## EXERCISE GOAL:
From the listing below, retype exactly the line holding "Суміш горіхів Alesto", the line holding "وشاح الأناقة logo", and the lines between them; skip everything else.

## SOURCE MATERIAL:

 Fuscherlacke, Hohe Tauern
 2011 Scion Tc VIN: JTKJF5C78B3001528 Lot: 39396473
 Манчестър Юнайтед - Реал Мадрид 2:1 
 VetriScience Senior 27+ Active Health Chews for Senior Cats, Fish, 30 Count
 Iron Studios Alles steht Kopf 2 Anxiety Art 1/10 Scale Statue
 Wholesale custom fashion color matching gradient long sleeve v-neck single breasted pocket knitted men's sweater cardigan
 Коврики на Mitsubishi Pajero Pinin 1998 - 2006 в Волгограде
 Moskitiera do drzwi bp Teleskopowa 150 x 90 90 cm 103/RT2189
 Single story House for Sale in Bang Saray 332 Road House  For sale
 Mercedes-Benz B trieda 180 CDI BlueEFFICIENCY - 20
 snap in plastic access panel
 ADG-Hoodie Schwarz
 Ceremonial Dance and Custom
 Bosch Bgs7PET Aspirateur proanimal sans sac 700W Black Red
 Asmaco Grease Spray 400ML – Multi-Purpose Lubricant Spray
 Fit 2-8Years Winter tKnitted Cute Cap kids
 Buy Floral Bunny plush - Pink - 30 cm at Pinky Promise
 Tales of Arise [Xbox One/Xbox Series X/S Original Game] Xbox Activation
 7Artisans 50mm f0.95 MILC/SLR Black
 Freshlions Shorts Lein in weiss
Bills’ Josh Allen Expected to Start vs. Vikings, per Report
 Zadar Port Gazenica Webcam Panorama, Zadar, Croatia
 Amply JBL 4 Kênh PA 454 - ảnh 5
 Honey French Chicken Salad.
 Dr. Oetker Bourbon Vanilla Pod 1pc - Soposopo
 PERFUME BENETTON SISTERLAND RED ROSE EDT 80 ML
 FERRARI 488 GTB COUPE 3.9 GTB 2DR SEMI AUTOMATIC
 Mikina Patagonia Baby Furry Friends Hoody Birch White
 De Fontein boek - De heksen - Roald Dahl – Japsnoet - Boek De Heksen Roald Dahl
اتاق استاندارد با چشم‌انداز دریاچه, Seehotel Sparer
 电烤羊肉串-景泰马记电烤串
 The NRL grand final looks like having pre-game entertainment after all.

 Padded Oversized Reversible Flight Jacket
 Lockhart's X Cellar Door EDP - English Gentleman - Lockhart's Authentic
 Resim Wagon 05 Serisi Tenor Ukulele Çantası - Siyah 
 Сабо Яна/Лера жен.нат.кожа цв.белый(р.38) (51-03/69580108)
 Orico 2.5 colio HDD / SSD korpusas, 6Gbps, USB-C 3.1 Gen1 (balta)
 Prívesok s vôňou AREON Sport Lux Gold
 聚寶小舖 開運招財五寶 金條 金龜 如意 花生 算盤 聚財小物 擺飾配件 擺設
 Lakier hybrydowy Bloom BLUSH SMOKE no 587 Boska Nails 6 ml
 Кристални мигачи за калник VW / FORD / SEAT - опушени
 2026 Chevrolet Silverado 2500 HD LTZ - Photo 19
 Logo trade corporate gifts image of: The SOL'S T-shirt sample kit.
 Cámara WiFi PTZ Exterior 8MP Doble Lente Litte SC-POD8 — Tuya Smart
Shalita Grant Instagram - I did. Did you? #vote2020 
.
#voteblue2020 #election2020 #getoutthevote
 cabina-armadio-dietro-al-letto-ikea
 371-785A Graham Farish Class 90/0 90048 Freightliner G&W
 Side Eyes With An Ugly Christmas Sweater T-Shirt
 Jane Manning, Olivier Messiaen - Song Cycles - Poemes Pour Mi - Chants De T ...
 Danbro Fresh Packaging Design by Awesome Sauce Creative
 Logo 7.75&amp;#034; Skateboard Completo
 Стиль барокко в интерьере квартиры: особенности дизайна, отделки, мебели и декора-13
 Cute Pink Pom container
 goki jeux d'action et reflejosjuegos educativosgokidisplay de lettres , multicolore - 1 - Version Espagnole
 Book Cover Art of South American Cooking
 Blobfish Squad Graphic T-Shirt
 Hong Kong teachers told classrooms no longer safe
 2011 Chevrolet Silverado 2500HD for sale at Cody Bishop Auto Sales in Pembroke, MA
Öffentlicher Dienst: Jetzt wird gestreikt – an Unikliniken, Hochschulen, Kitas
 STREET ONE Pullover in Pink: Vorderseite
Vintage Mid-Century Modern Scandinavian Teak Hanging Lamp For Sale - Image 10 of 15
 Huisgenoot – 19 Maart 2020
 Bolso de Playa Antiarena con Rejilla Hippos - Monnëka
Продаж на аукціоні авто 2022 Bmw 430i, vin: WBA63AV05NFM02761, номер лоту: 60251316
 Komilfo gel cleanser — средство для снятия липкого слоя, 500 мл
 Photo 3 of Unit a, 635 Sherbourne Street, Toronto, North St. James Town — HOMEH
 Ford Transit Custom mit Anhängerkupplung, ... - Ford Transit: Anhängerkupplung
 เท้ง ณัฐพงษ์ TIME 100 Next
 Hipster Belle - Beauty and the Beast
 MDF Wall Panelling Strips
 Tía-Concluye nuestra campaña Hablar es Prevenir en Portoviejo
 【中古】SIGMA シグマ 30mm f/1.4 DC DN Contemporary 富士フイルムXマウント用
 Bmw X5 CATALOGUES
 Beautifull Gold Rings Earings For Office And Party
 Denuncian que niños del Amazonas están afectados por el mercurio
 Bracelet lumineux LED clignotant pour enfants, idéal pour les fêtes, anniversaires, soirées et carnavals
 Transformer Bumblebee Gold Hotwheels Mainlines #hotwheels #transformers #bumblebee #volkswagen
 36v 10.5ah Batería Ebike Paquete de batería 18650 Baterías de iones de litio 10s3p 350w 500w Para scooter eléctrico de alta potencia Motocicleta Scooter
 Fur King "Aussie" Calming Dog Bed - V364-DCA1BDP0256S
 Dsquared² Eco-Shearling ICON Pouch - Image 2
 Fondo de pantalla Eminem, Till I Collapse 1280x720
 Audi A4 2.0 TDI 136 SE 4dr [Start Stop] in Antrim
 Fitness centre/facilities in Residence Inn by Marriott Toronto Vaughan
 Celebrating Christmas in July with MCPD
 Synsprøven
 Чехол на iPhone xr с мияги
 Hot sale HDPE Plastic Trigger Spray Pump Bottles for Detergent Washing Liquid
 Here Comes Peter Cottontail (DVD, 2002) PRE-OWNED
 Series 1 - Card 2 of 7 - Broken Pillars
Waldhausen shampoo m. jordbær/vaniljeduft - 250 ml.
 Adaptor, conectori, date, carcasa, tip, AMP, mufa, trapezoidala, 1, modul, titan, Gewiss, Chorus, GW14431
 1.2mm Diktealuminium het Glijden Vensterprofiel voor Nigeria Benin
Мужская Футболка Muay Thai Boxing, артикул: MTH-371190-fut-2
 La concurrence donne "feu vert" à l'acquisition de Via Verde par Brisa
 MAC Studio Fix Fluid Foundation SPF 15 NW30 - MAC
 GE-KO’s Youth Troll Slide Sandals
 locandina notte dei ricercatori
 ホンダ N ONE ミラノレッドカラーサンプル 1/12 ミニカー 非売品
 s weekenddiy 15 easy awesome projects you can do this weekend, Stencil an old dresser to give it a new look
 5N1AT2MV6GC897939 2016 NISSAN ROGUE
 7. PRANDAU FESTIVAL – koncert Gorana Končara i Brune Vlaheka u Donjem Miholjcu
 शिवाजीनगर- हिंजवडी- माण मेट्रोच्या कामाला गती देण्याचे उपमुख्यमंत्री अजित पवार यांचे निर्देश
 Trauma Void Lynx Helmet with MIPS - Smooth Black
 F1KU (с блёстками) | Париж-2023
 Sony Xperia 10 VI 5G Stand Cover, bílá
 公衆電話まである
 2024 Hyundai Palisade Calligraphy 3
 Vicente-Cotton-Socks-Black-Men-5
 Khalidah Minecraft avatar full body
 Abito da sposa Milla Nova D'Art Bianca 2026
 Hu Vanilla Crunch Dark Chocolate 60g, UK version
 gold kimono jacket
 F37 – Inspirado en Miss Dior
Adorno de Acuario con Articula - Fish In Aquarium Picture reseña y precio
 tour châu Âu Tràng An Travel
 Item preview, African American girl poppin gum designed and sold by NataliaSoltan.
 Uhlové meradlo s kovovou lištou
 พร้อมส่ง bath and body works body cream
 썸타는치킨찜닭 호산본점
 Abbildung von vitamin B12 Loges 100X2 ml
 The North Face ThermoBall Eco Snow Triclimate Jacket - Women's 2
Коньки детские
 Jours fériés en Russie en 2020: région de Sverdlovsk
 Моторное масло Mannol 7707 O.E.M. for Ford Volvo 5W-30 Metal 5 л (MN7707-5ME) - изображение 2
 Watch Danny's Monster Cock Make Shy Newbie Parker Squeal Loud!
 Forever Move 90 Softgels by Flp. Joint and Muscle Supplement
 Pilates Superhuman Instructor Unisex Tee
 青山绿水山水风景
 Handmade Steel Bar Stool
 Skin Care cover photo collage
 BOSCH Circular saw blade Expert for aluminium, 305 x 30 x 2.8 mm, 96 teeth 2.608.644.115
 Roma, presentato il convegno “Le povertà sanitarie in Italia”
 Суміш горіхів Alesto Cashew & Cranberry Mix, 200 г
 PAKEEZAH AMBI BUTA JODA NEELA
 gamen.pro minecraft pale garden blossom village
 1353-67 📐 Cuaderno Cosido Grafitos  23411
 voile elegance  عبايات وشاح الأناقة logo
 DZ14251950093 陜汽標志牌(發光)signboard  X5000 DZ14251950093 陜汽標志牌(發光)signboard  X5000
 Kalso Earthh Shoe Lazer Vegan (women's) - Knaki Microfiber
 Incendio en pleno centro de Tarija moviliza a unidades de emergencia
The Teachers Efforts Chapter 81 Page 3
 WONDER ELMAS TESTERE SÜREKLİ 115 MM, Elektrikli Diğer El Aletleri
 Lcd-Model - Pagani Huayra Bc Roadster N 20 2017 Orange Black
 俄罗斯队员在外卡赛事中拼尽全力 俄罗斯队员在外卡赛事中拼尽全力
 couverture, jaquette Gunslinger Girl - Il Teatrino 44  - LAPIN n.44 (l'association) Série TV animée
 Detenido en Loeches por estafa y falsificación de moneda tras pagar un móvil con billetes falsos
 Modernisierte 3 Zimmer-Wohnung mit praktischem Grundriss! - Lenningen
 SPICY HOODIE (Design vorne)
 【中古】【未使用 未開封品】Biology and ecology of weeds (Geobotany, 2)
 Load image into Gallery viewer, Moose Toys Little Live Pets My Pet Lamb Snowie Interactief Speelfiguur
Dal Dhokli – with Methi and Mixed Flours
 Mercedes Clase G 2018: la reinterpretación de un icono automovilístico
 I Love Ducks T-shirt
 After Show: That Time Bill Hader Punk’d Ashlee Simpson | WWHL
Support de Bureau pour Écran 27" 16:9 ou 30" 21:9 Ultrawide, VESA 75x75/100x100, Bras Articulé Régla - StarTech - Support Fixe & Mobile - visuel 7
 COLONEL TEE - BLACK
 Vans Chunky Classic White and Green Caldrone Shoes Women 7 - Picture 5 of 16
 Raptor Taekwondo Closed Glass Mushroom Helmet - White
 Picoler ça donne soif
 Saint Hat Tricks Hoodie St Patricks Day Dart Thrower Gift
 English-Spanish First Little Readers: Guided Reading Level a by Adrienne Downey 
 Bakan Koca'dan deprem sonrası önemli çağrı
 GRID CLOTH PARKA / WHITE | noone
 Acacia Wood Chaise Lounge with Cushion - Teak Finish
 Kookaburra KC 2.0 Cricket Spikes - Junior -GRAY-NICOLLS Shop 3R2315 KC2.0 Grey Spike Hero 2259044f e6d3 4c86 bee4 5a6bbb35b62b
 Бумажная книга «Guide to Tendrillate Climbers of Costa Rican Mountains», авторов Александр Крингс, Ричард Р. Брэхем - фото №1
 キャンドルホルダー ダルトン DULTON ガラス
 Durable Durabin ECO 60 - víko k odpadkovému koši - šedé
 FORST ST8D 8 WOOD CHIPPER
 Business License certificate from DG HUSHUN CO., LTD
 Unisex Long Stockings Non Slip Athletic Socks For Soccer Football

## TASK RESPONSE:
 Суміш горіхів Alesto Cashew & Cranberry Mix, 200 г
 PAKEEZAH AMBI BUTA JODA NEELA
 gamen.pro minecraft pale garden blossom village
 1353-67 📐 Cuaderno Cosido Grafitos  23411
 voile elegance  عبايات وشاح الأناقة logo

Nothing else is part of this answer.